You may emphasize the presence of text links by using a special style, color or typeface. Or, if you prefer, you can leave needles sticking in the wounds-- in the manner of tailors-- with thread wrapped around them. Being seam'd with scars was both a fact of eighteenth century life and a metaphor for dissonant interferences ruining any finely adjusted composition. 'The charm you need is a needle and thread,' said the Shaggy Man.

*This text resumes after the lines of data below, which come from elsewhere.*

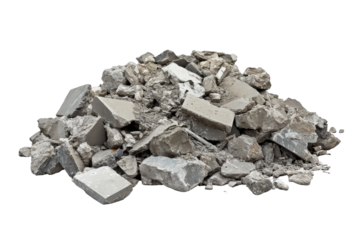 Pile of construction debris and rubble isolated on transparent background. Rubble pile consisting of broken concrete and stone debris isolated on a white background.
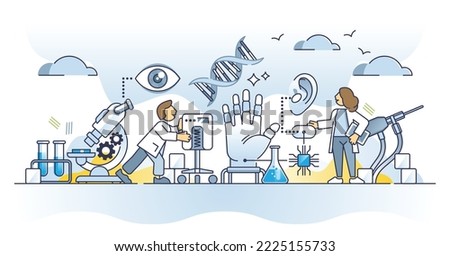 Biomedical engineer as work with medicine and technology outline concept. Combination with biological chemistry and mechanical tech for innovative microbiological healthcare tests vector illustration.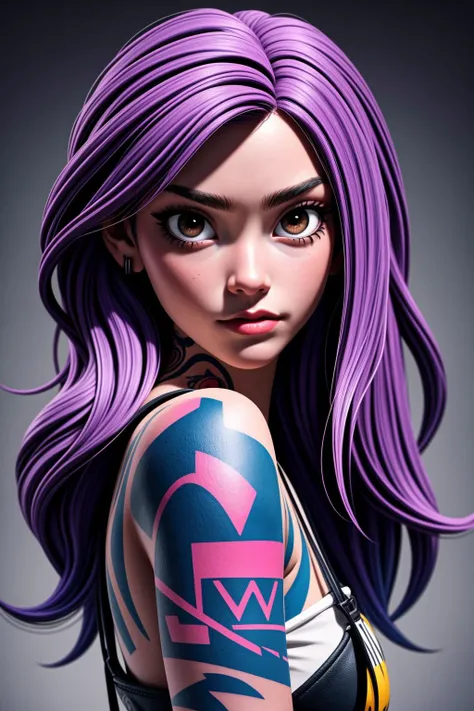 Create a portrait of a young woman with a distinctive and intricate array of tattoos covering her arms, neck, and visible parts of her body, featuring a mix of styles ranging from traditional and tribal to contemporary and geometric, Use a color palette that complements the vibrant and bold nature of tattoos, and capture the essence of the girl's personality through her expression, blending confidence, mystery, and perhaps a hint of rebellion, Pay attention to the fine details of the tattoos, ensuring each one has a unique story and contributes to the overall visual impact of the portrait, Consider placing the girl in an environment that complements the tattooed aesthetic, whether it's an urban setting, an art studio, or a backdrop that enhances the edgy and artistic vibe of the composition, <lora:more_details:0.5>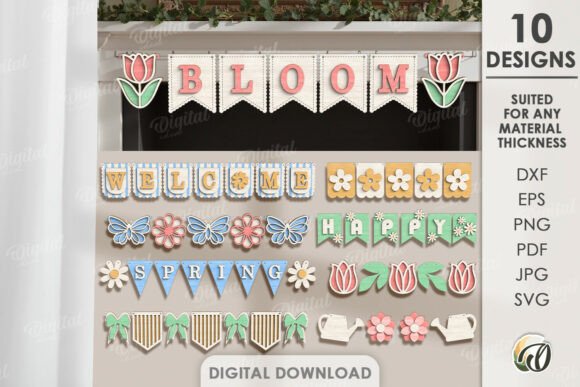 3D Spring Banners Bundle Laser Cut – Creative Design Made Easy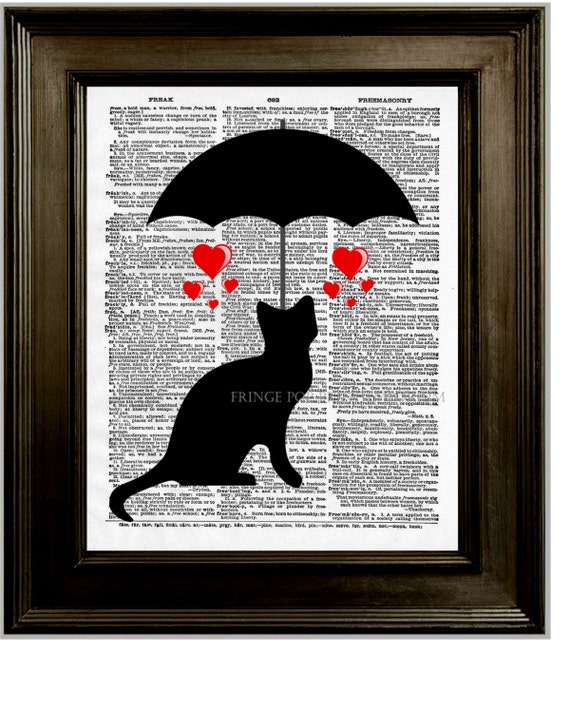 Parapluie Chat Imprimer Page De Dictionnaire De 8 X 10 Etsy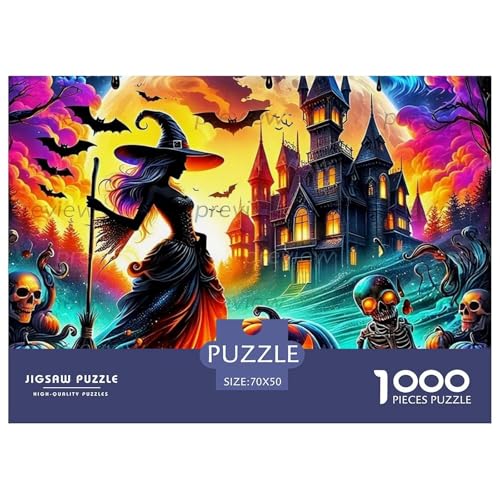 Hexe Puzzles 1000 Teile Schwer Puzzle Spielzeug Pädagogisches Spiel Impossible Herausforderungsspielzeug Für Erwachsene Und Kinder in Bewährter 70x50cm/1000pcs von OWBASKPOZ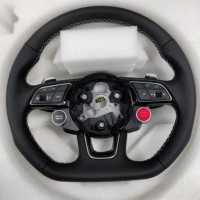 Volant en cuir semi-perforé pour Audi A3 A4 A5 A6 C6 C7 C8 B8 B9 RS3 RS5 RS7 S3 S4 S5 Q3 Q5 Q8 Accessoires de voiture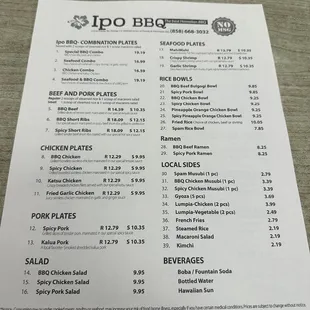 Menu as of February 2023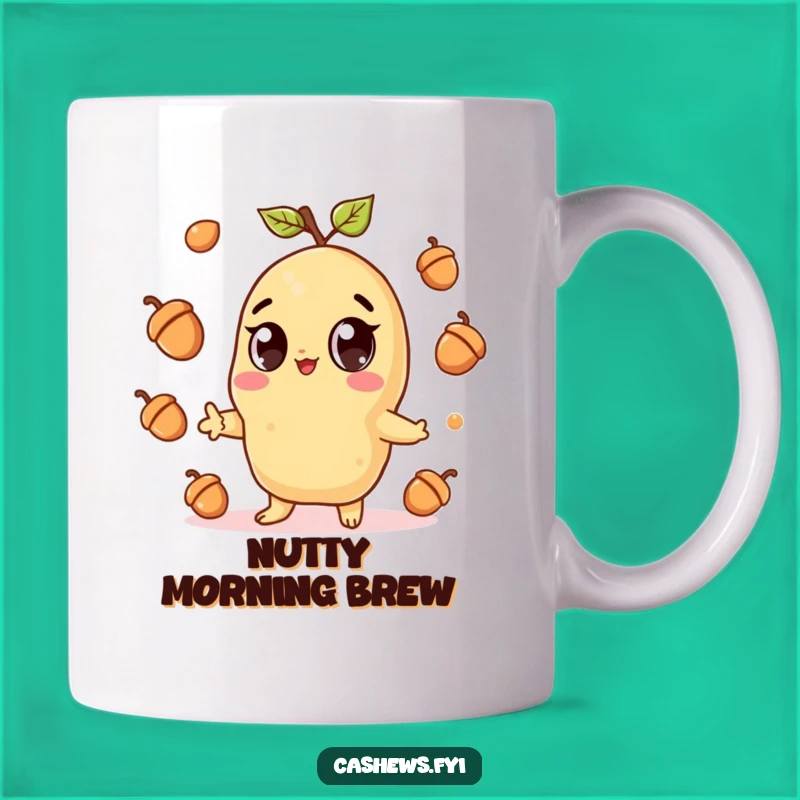 Funny Kawaii Cashew Juggling Acorns Mug - Cute Nutty Gift for Joyful Mornings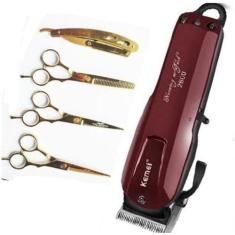 Imagem de Maquina Kemei 2600+Kit Tesouras De Corte Cabelo Profissional - Kemei P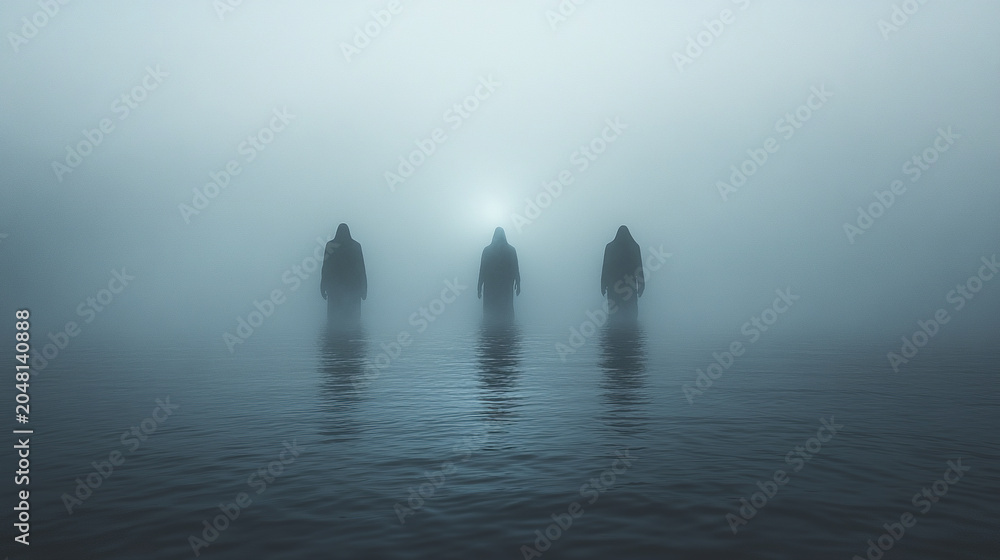Naklejka premium Eerie foggy lake with three ghostly figures hovering above water, creating mysterious and haunting atmosphere in misty environment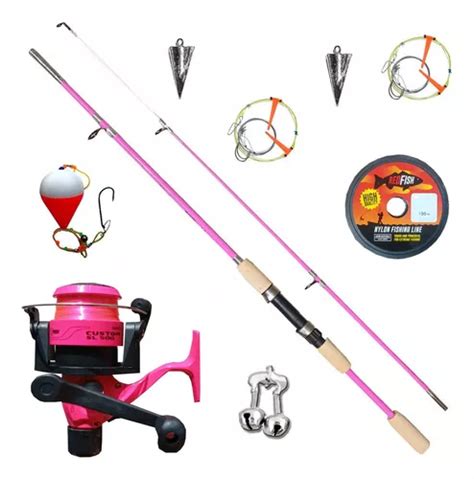 Kit Combo Equipo Pesca Rosa Caña Reel Lineas Completo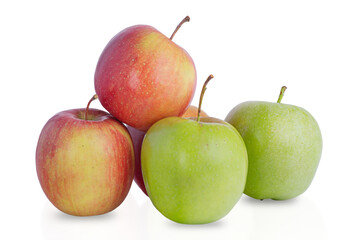 Green and red apples isolated. Fruits, healthy food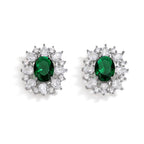 Floral Zircon Stud Earrings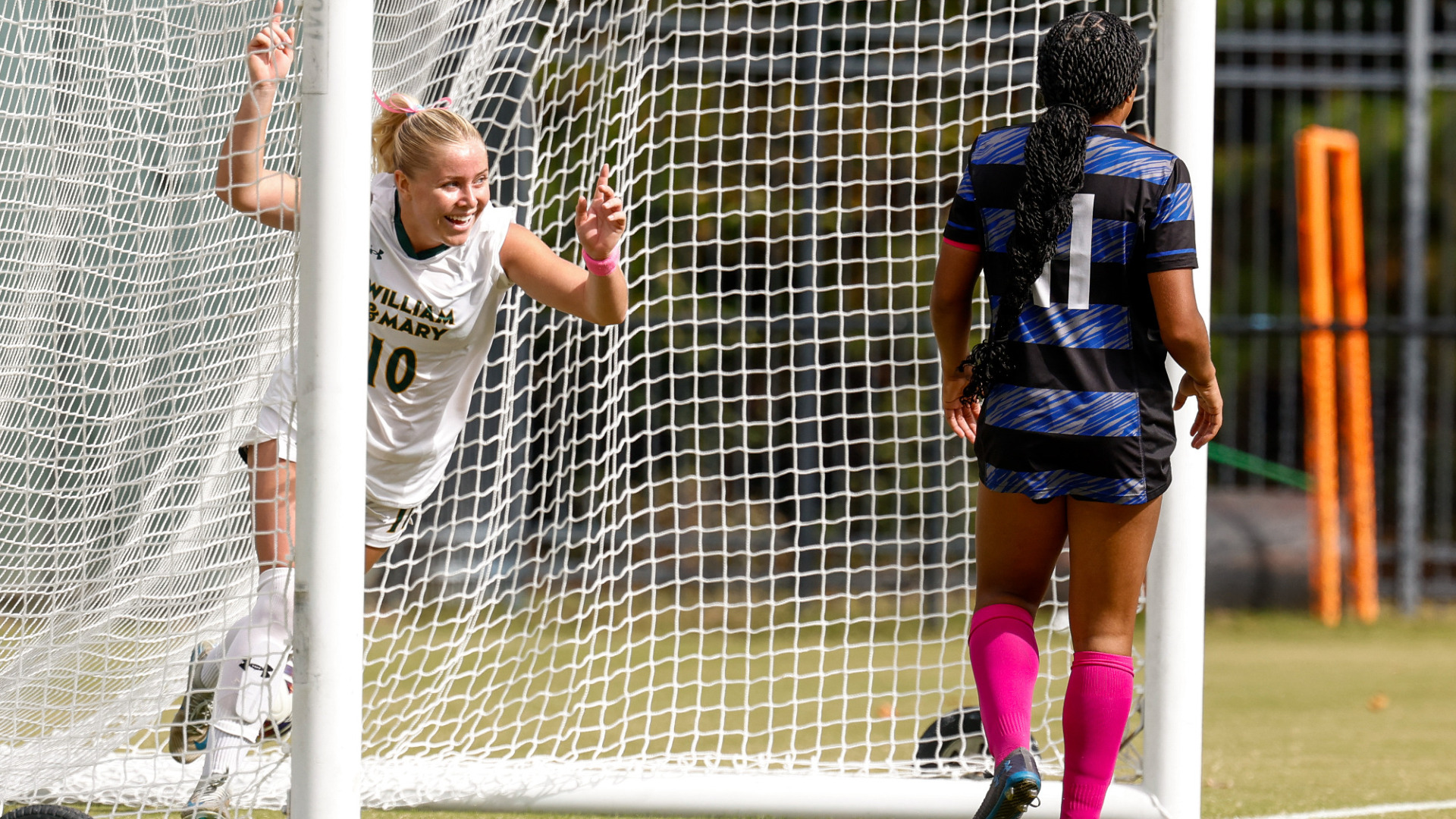 Mia Abbey celebrates her goal against Hampton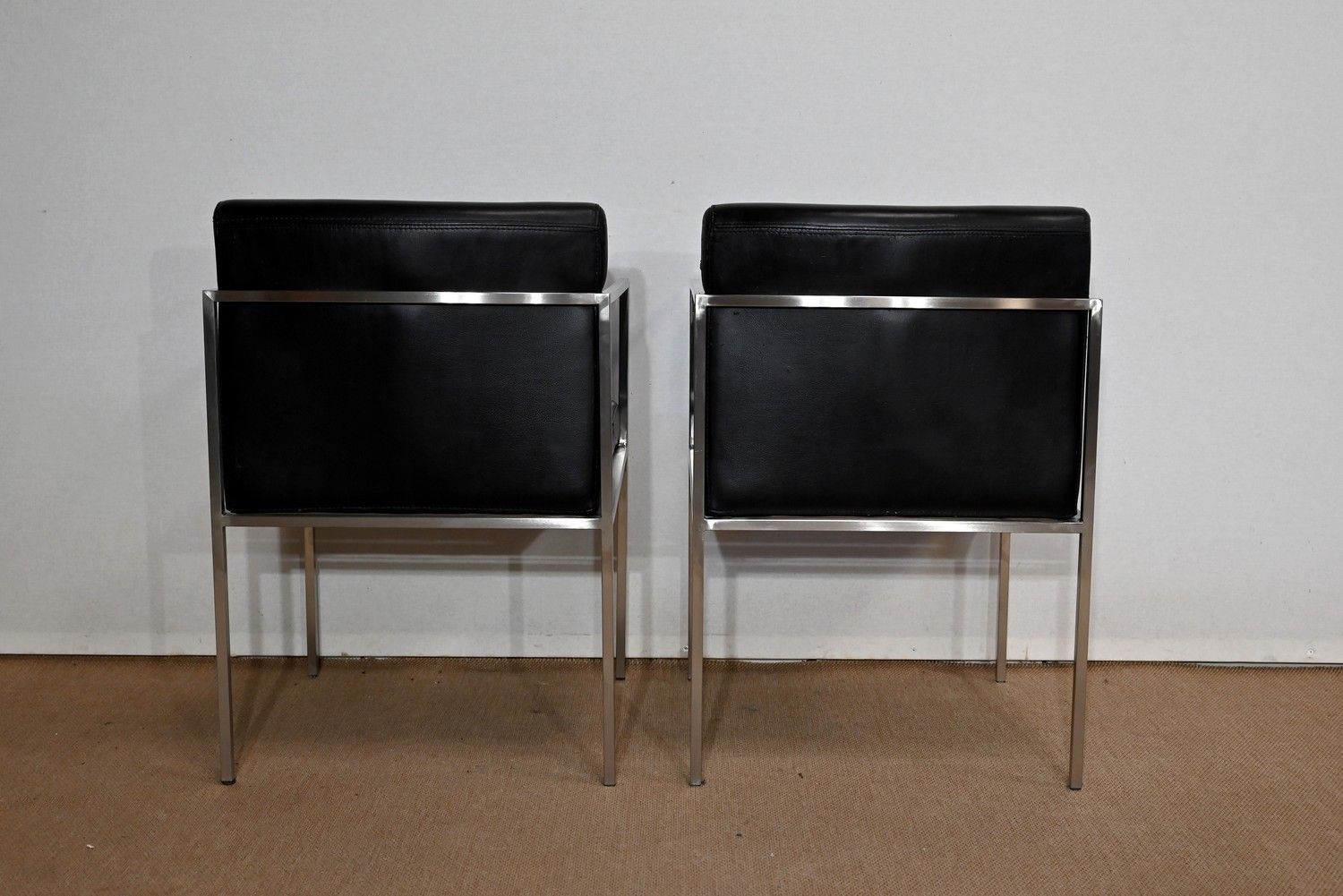 Pair Of Square Armchairs, Faux Leather – 1970s photo vinterior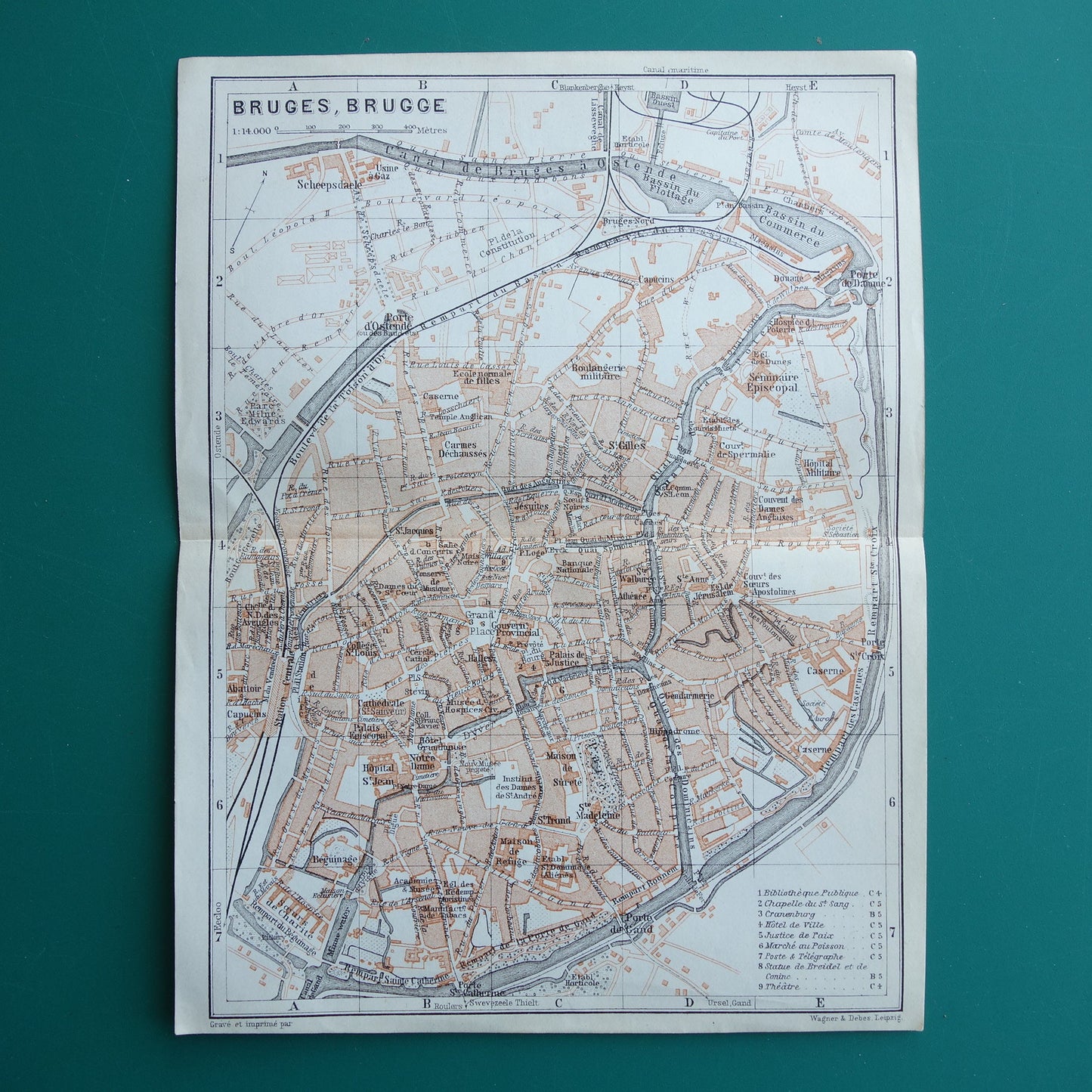 Brugge in het jaar 1910 kleine antieke historische kaart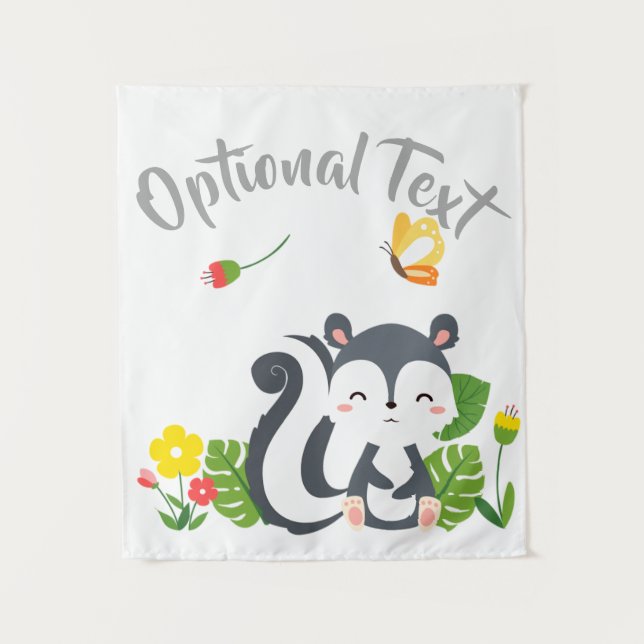 Baby Skunk, Butterfly & Blume Wandteppich (Vorderseite)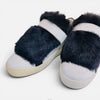 MONCLER ホワイトレザーファーベルクロスニーカー 158500363 [P]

Both the Patchwork Girl in Baum's novel and Jackson's "Patchwork Girl" are composed of distinct patches, or texts, sewn to one another to form a rough whole, a living creature, so to speak. Stiches, or links connect one patch to another, one text to another. Jackson seems particularly interested in examining the points of union between texts, such that "being seam'd with scars" becomes a fact not only of eighteenth century life but of hypertext writing, and indeed of any sort of creative process. (Perhaps scars are an appropriate signifier of postmodernity, a time in which no one text is deemed more important than another, in which everything references something else.) Scars are not only mentioned in this lexia, but are the organizing factor of an entire segment in the "journal" segment of "Patchwork Girl." Jackson quotes Shelley (or is this Shelley Jackson speaking?):

Her scars lay like living things between us, inscribing themselves in my skin. I thought I too was rent and sewn, that I was both multiply estranged and gathered together in a dynamic union. What divided her, divided me.

The parallels between the monster and the work itself are distinct. Both the monster and the hypertext are "rent and sewn," both are "multiply estranged and gathered together in a dynamic union." The "me" here can refer to Mary Shelley, to Shelley Jackson, or to the work itself, with its divides and unions. Scars are the markers of those actively contrived unions. Describing a seam in the monster's flank, Mary/Shelley writes,

It was tough and knobbled, yet slick. And it was hot, not the cold I anticipated without knowing it. Indeed, it was hotter than the stretches of smooth skin it divided. . .

In hypertext, the links, the seams between the texts are what give the texts significance. They are "hotter" than the stretches of smooth skin which they divide.